Icecast a commencé par créer un protocole basé sur HTTP, mais qui invente une nouvelle méthode, SOURCE
, parce que pourquoi pas. Ils se sont pris des cailloux, et du coup, dans la dernière version majeure, ils ont créé une nouvelle version du protocole, utilisant la méthode PUT
qui elle, existe. Ils ont promis de déprécier l'infâme SOURCE, mais leur outil en ligne de commande continue de l'utiliser par défaut. De toute façon, même avec une méthode existante dans HTTP, le protocole mis à jour d'Icecast ne respecte pas la norme HTTP. Les codes retour sont eux aussi bricolés, avec plein de 403 farfelus. Si vous aussi voulez du LOL vintage, allez lire le truc le plus proche de spec pour le protocole d'Icecast traine sur un gist . Ce bazar, c'est pour le flot montant, la publication.
Pour le flot descendant, c'est du même niveau. Les devs d'Icecast ont vu que HTTP/1.1 impose d'annoncer une taille pour le contenu servi. Comme Icecast ne connait pas cette taille, vu que c'est un flot à priori infini, bah, astuce dit la puce : "on a qu'à utiliser de l'HTTP/1.0". Protocole ringard rapidement corrigé par une 1.1 qui ne va pas forcément être très bien géré par les proxys.
Quand on prend le temps de lire les RFC d'HTTP, on peut voir qu'il est possible d'envoyer une réponse HTTP par lots, en annonçant la taille, puis le lot. À ce propos, la page Wikipedia est plus lisible que le gros TXT des RFC.
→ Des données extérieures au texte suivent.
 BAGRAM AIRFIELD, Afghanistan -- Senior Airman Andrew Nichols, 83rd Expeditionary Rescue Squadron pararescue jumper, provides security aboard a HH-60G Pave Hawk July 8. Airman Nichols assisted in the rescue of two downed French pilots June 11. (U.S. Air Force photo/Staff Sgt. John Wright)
HTTP/2 ne gère pas le chunked transfert, mais il permet d'utiliser les primitives du multiplexage pour streamer du contenu.
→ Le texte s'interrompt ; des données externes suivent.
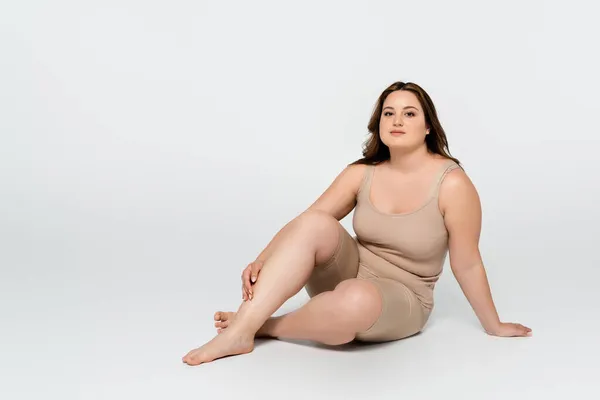 Junge körperpositive Frau blickt in die Kamera, während sie auf grauem Hintergrund sitzt — Stockfoto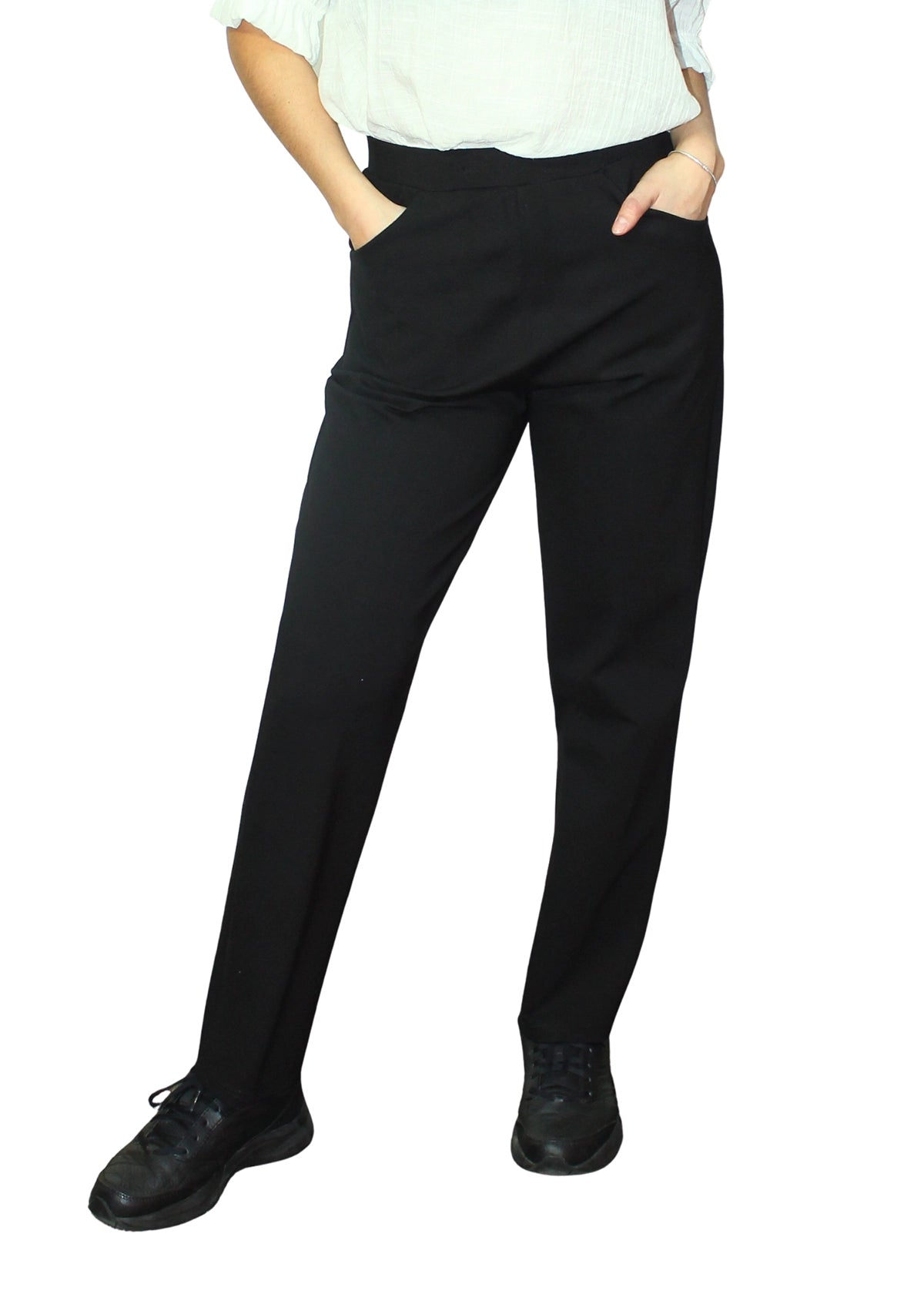 Person wearing black pants on a white background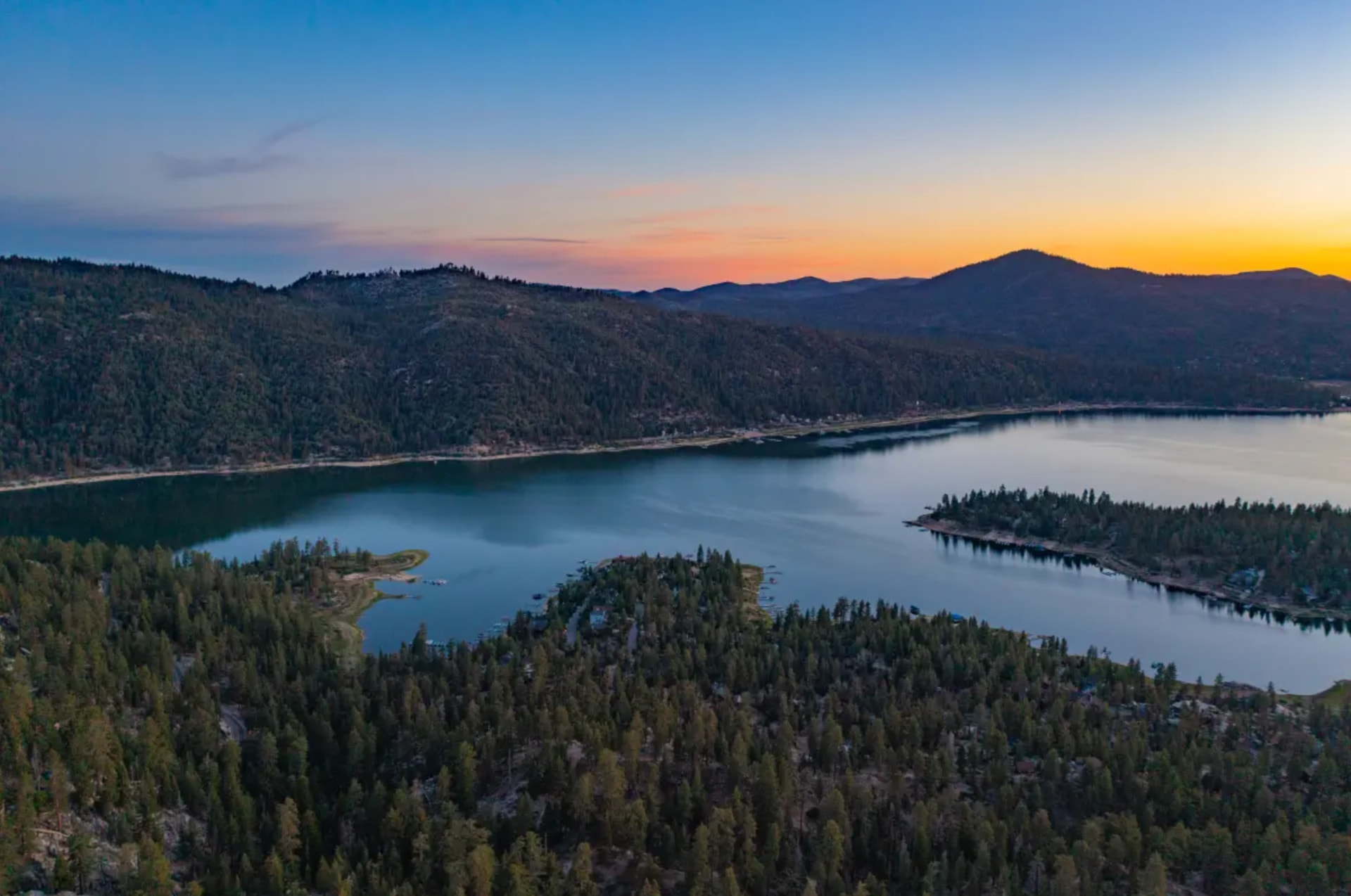 Big Bear Lake viewed from Castle Rock at sunset, framed by pine forest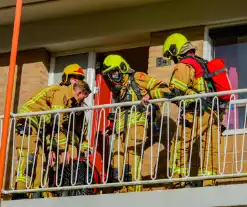 Brand in keuken in flatwoning snel onder controle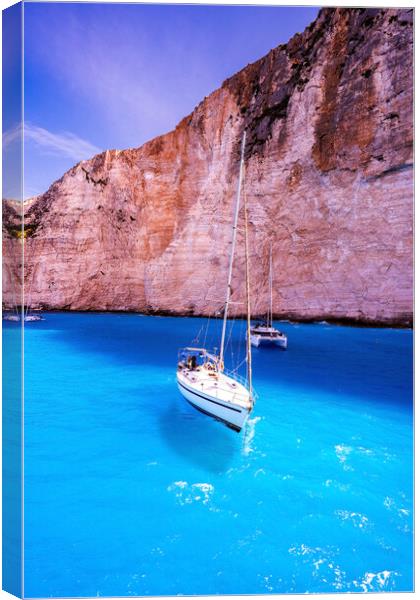 Couple of motor boats anchored on Navagio beach also known as shipwreck beach, Zakynthos island, Greece Canvas Print by Arpan Bhatia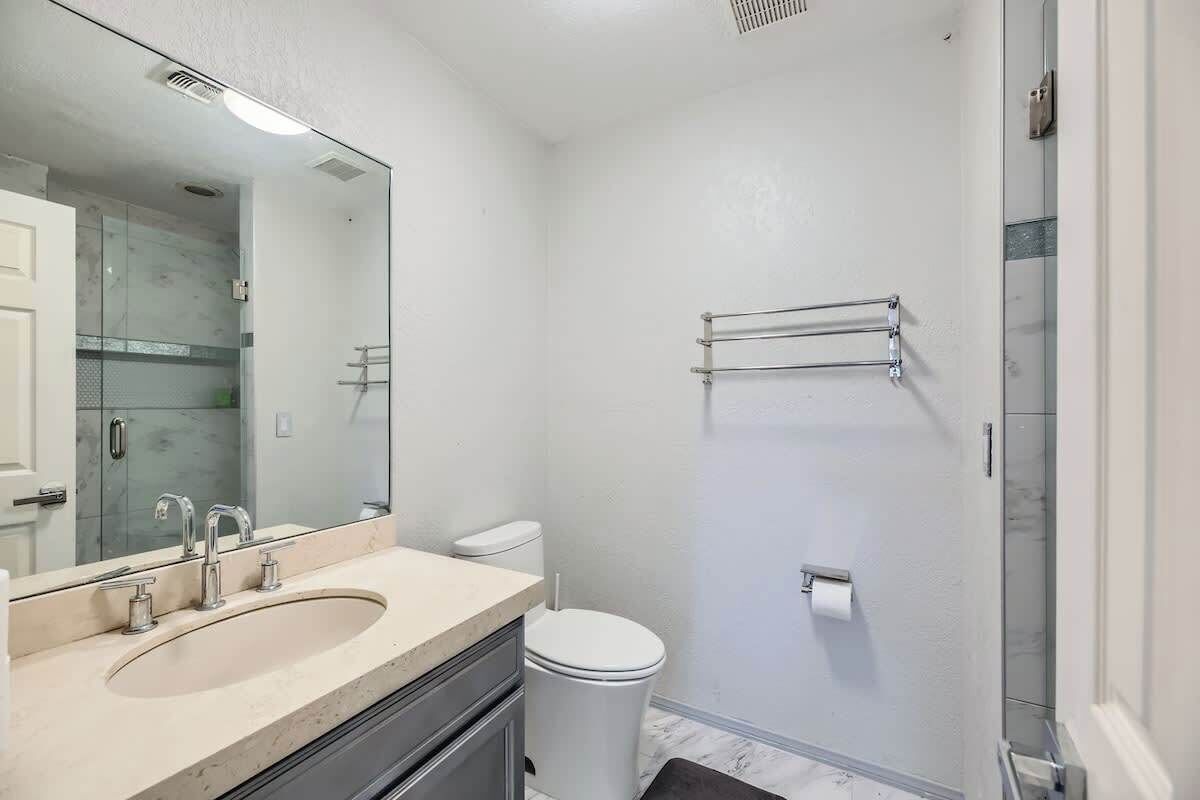 A bathroom with a double sink, a toilet, a shower, and a large mirror.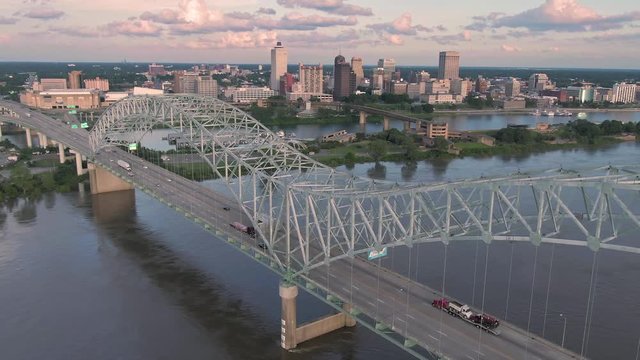 Aerial flying over traffic on the Hernando de Soto Bridge that crosses the Mississippi River at sunset. In the background is downtown Memphis, Tennessee, USA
Quand on se renseigne sur l'utilisation d'un proxy avec Icecast (genre, vous voulez tout bien ranger derrière un Nginx/Haproxy pour garantir un minimum de qualité), ça pique. Personne ne sait trop si le proxy va essayer de bufferiser (et ajouter de la latence, voir de tout péter), et comment le configurer correctement pour lever toutes ambiguïtés. Du coup, la recommandation officielle du mainteneur est de laisser Icecast sur son port farfelu, et de lui laisser gérer le SSL. Voilà.
Ironiquement, lors de la rédaction de l'article, il y a eut un incident sur le site d'Icecast, avec comme conséquence une bonne grosse alerte Firefox sur la configuration SSL. Une machine cassée avec un mélange dans les certificats, pour la petite histoire.
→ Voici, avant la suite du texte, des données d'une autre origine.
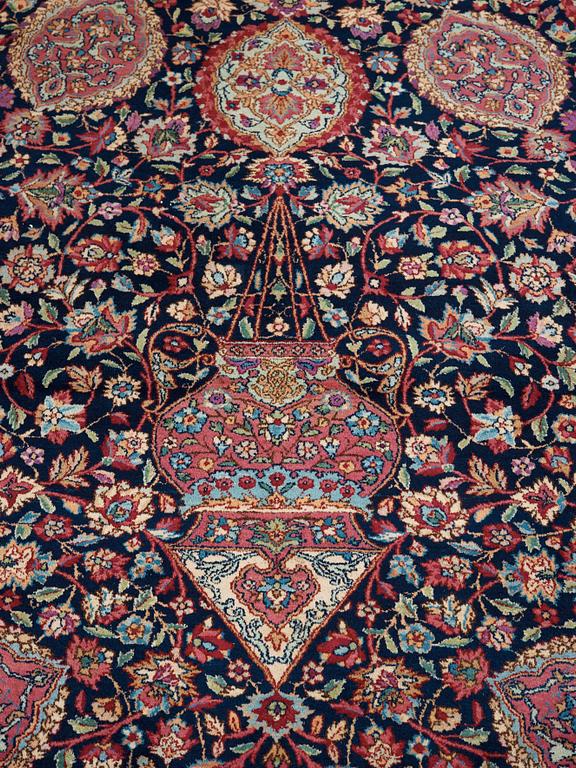 A CARPET. A semi-antique Kerman. 614,5 x 360,5 cm.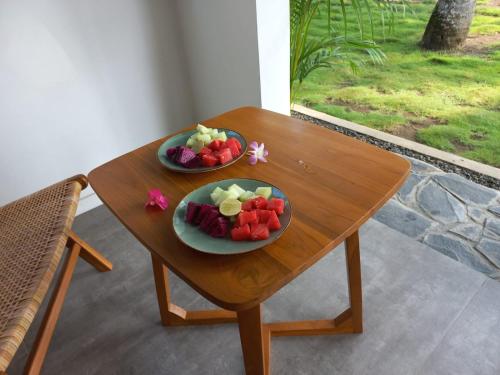 dos platos de fruta sentados en una mesa de madera en Rumah Markisa Batukaras en Batukaras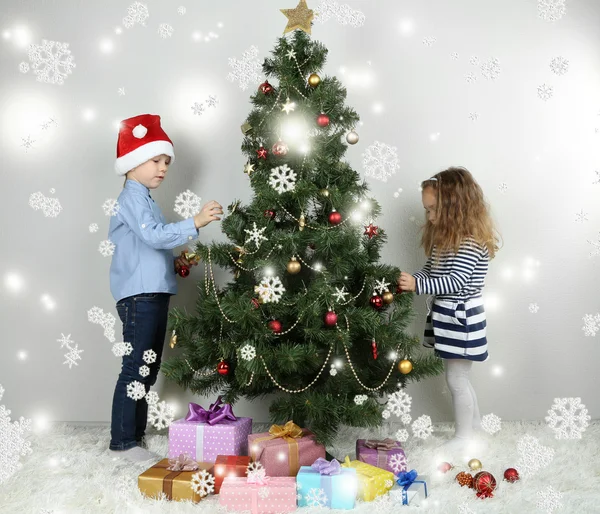 Kids decorating Christmas tree with baubles in room — Stock Photo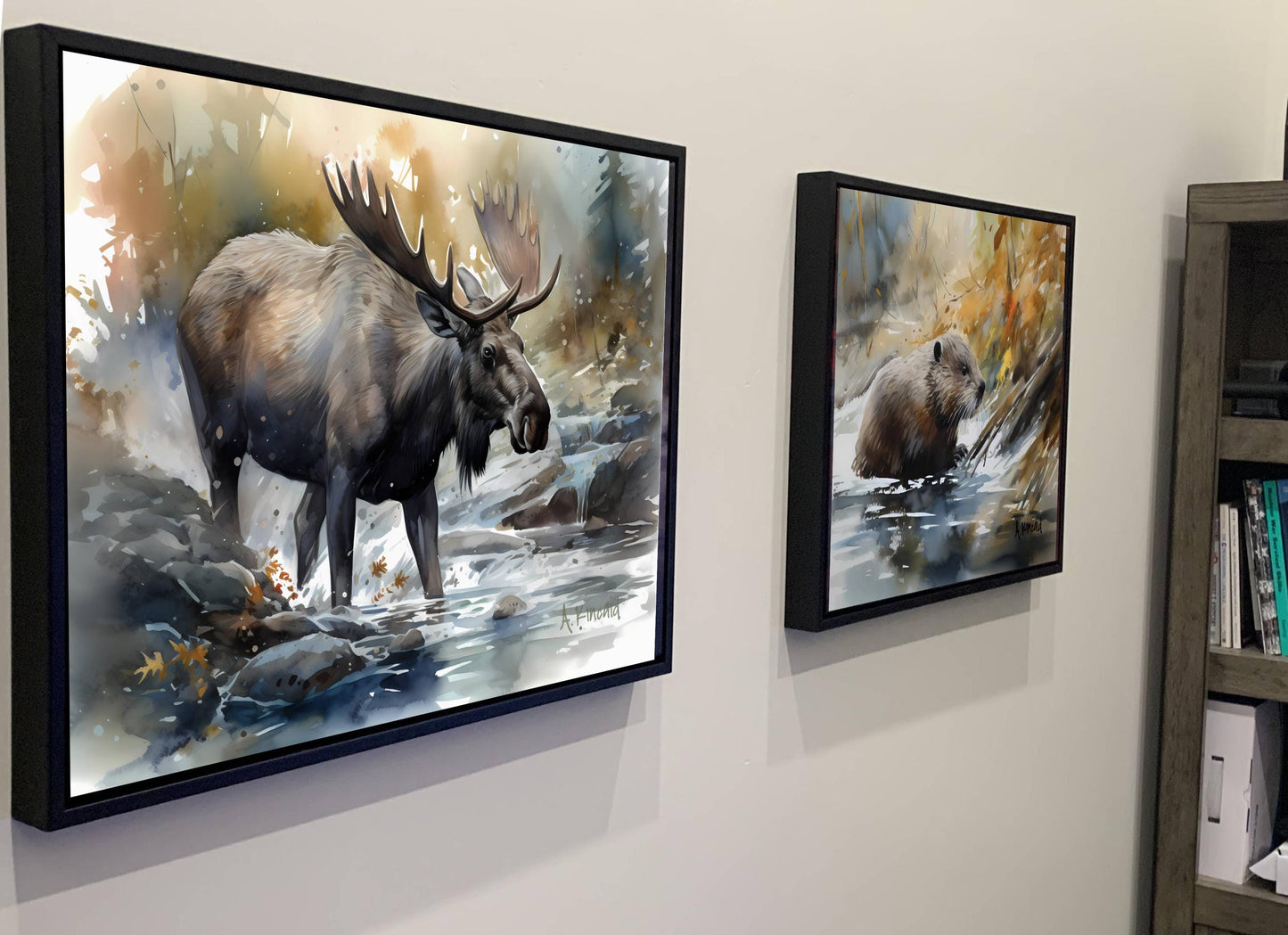 two framed paintings of moose and bears hanging on a wall.
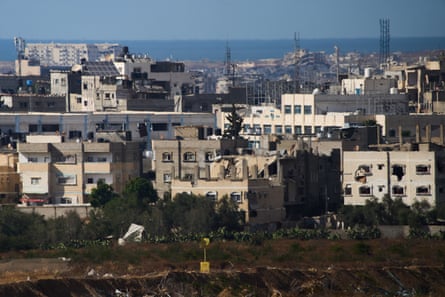 buildings with the sea in the background and a single yellow block in the foreground
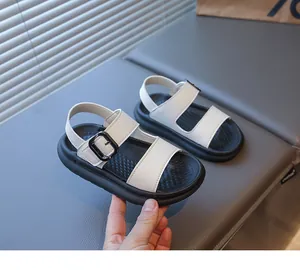 Dettaglio di sandali in pelle per bambini con suole antiscivolo nere e fibbie bianche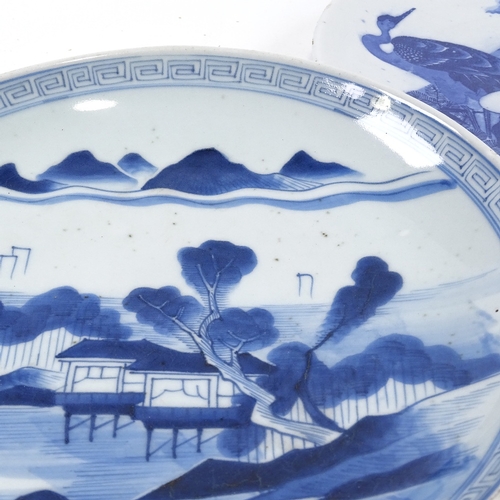 70 - A Japanese blue and white porcelain charger, with hand painted lake scene, diameter 31cm, and a blue...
De toute façon, la configuration de TLS est spartiate, on peut l'activer, choisir les ciphers, et puis c'est tout. Rien sur la version minimale que l'on accepte, pas d'indice sur la gestion ou non de la version 1.3 de TLS.
Au-delà de Icecast.
C'est bien de médire, mais c'est mieux de proposer des trucs.
Il y a des gens qui construisent des tours Eiffel en allumettes, moi j'implémente des protocoles. Là, ce sera du Golang avec Streamcast .
L'avantage d'Icecast, c'est que c'est un standard de fait, géré par plein de logiciels, et il est indispensable de faire au plus simple pour la partie création de contenu. En attendant la décennie nécessaire pour proposer un Icecast 3 et sa généralisation dans les outils de production de son, donc autant commencer par implémenter la mochitude actuelle. Le client de référence sera butt sélectionné pour son nom, et son côté multiplateforme.
Pour le flot descendant, là, on est bien plus libre, la cible étant les navigateurs web contemporains, et VLC, parce que c'est quand même le fleuron de la French Tech que le monde nous envie. Donc, ce sera à Golang de gérer soit du chunked en HTTP/1.1 soit des DATA frames en HTTP/2.
Détails de l'implémentation
Le point de démarrage est le format ogg . Le format ogg est composé de pages avec un entête de taille fixe, qui contient les informations pour calculer la taille du corps, et ça recommence. Comme implémentation naïve, je me contente de chercher le OggS
qui annonce le début d'une page , jusqu'au OggS
suivant qui indique la fin de cette page (et le début de la suivante). Comme en Golang on ne yield
pas dans les itérateurs (c'est en Python, ça), j'écris la page dans une interface PageWriter
.
Dans le reste du code, ce sont des Page
qui vont circuler.
Comme entrée, ce n'est pas de l'HTTP, parce qu'Icecast a eu la flemme, mais un bête serveur TCP avec une pseudo machine à état . Le code se contente de gérer l'exemple fourni dans le gist de spécification. C'est fragile, facile à abuser, mais ça fonctionne nickel avec Butt .
Pour pouvoir démarrer la diffusion, il faut commencer par avoir les deux premières pages ogg
tel que le spécifié vorbis
(j'aime quand c'est spécifié). Voir vorbis/stream .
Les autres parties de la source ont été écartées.